FAS analysis ( = 193): significant differences in HHS were found between baseline and 3 month follow-up, and between baseline and 6 month follow-up in the Unilateral and Bilateral OA groups ( < .001). All mean differences were within the 95% confidence interval. Significant improvement in NRS scores, abduction of range of motion, and TUG test within 30 min after PSTR exercises were found at baseline ( < .001). Subgroup analysis ( = 130): the results revealed significant differences ( < .001) in HHS and NRS, abduction of range of motion and TUG test within 30 min after PSTR exercises at baseline, as in the FAS analysis.
Our findings suggested that PSTR exercises were effective for patients with HHS below 60 points, even those with MJS of 0 mm.
20 July 2017 (UMIN000028277).
探讨囊周软组织和重新排列(PSTR)运动治疗髋关节骨关节炎(OA)和 Harris 髋关节评分(HHS)低于 60 分患者的疗效。既往大多数髋关节运动研究未应用于中重度髋关节 OA 患者,尤其是 HHS 低于 60 分的患者。大多数髋关节 OA 运动研究涉及肌肉力量训练、伸展、功能训练和有氧运动方案,未包括骨盆重新排列运动。我们研究了骨盆重新排列运动对 HHS 低于 60 分的髋关节 OA 患者的影响。

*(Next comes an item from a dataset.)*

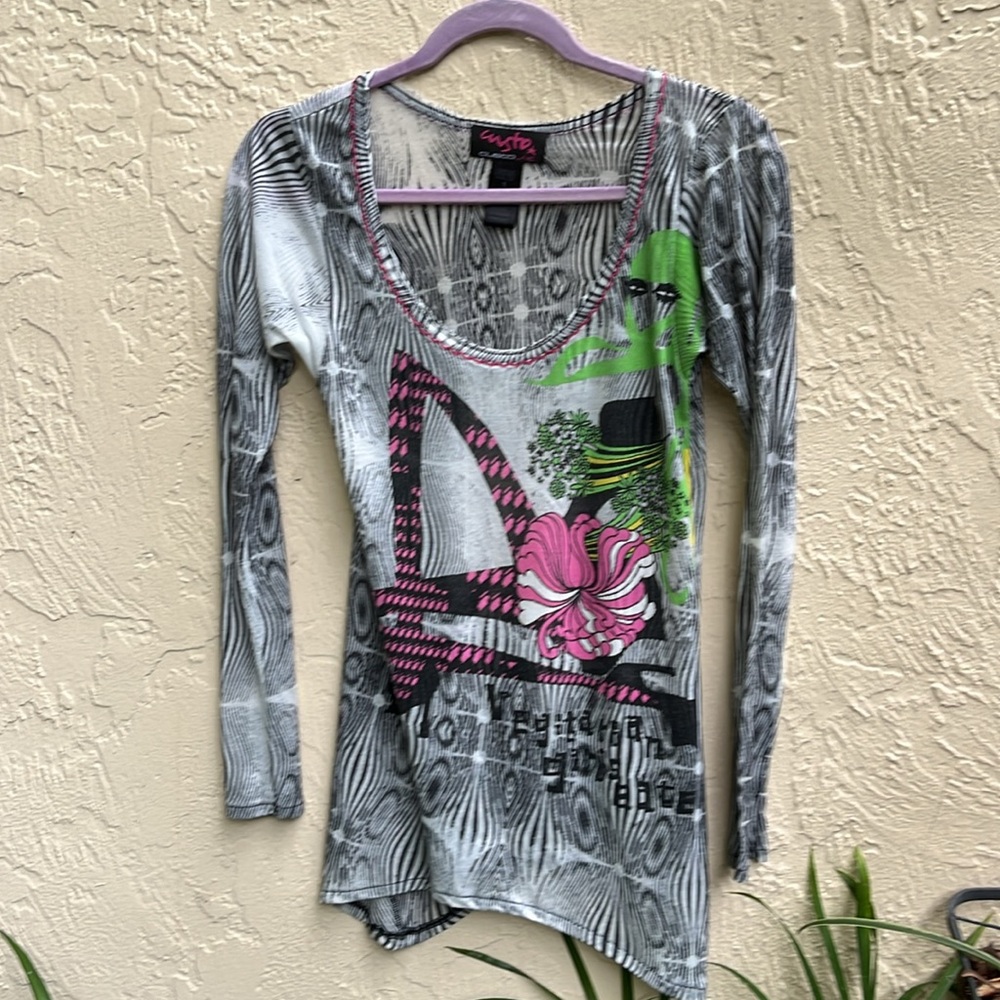 Custo Barcelona long sleeve scoop neck Zebra & graffiti top size 1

设计:多中心、前瞻性、观察性、单臂研究。设置:门诊临床检查。参与者:193 例 HHS 低于 60 分的髋关节 OA 患者。干预措施:患者教育和监督 PSTR 运动。观察指标:主要结局:HHS;次要结局:数字评分量表(NRS)评分变化、运动范围外展、PSTR 运动后 30 分钟内 Timed Up and Go(TUG)试验,基线及其他 6 项,全分析集(FAS,所有进行 PSTR 运动的参与者)和亚组分析(基线最小关节间隙(MJS)为 0mm 的参与者)。

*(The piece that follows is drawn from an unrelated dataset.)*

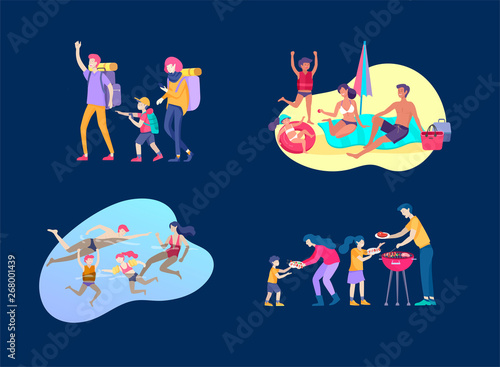 Collection of family hobby activities. Mother, father and children sunbathing, swimming, hiking, traveling, preparing barbecue together. Cartoon vector illustration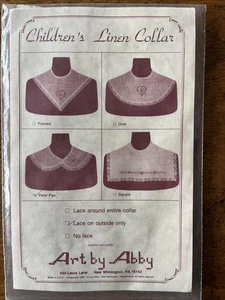 Cuello Peter Pan de lino vintage para niños con ribete de encaje - arte de Abby 1986 - Imagen 1 de 2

FAS 分析(n=193):单侧和双侧 OA 组 HHS 在基线和 3 个月随访时、基线和 6 个月随访时差异均有统计学意义(均<.001)。所有平均差值均在 95%置信区间内。PSTR 运动后 30 分钟内 NRS 评分、运动范围外展和 TUG 试验均有显著改善(均<.001)。亚组分析(n=130):结果显示,在基线时,HHS 和 NRS、运动范围外展和 TUG 试验在 PSTR 运动后 30 分钟内的差异均有统计学意义(均<.001),与 FAS 分析结果一致。
我们的研究结果表明,PSTR 运动对 HHS 低于 60 分的患者,甚至 MJS 为 0mm 的患者均有效。
2017 年 7 月 20 日(UMIN000028277)。